GMAC spokeswoman Anne Marie Sylvester said GMAC will appeal. She also said Peterson previously rejected claims for monetary damages 'because there was no proof they had been harmed in any way.'
The case was filed by Barbara Porch, who obtained GMAC financing on a used 1987 Cadillac Seville she bought from a dealership in 1992. Her contract required her to maintain physical-damage insurance and empowered GMAC to purchase this insurance at her expense if she failed to keep up coverage.
But the monthly premiums GMAC charged Porch and other borrowers who had defaulted on their insurance obligations 'was for more than just loss or damage to the vehicle as permitted under the terms of the contract,' Peterson ruled.
Instead, those premiums included tracking expenses that MIC Property & Casualty Insurance Corp. charged GMAC to monitor accounts to determine which vehicles are uninsured and to send warning letters to borrowers. MIC is the GMAC subsidiary that provided the insurance.
One effect: Borrowers who defaulted on their insurance obligations ended up paying the entire cost of GMAC's tracking program, Peterson said.

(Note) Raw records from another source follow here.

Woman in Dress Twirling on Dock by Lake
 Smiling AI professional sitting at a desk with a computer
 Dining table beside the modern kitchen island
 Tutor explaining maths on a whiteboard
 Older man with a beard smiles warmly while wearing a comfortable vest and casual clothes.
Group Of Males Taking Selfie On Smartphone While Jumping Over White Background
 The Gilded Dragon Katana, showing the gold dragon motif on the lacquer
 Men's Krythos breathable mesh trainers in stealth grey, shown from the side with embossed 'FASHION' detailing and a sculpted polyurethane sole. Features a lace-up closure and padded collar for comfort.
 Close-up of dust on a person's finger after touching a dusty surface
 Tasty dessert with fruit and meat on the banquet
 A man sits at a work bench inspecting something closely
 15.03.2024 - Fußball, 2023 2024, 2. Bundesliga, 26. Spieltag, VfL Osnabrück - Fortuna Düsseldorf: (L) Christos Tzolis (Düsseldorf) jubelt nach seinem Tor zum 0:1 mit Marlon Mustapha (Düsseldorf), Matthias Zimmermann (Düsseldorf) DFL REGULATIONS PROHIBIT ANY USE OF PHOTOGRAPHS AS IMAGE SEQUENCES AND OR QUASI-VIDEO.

Peterson held that GMAC's practice violates the Minnesota Consumer Fraud Act. He called it misleading for GMAC to write letters telling borrowers that they were being charged 'under the terms of' their contracts when they actually were charged 'a higher premium that was really a prorated share of the comprehensive coverage that GMAC had purchased from MIC to protect its entire portfolio.'
In his ruling, Peterson said GMAC's Automated Insurance Follow-up Program is reasonable and consistent with actuarial principles, but the contracts allowed GMAC to charge only for replacement coverage and not additional expenses. 'The problem is not with what GMAC did but with what it said it would do if borrowers failed to maintain physical-damage insurance on their cars,' he said.
Peterson dismissed all claims against MIC.
GMAC's Sylvester said Peterson 'correctly observed that there is no evidence that GMAC deliberately sought to mislead its customers or that the company did anything other than engage in an effort to warn its customers of their breach and then charge them for what it had purchased from MIC.'
The plaintiffs' lawyer, J. Gordon Rudd of Minneapolis, estimated that several million dollars is involved.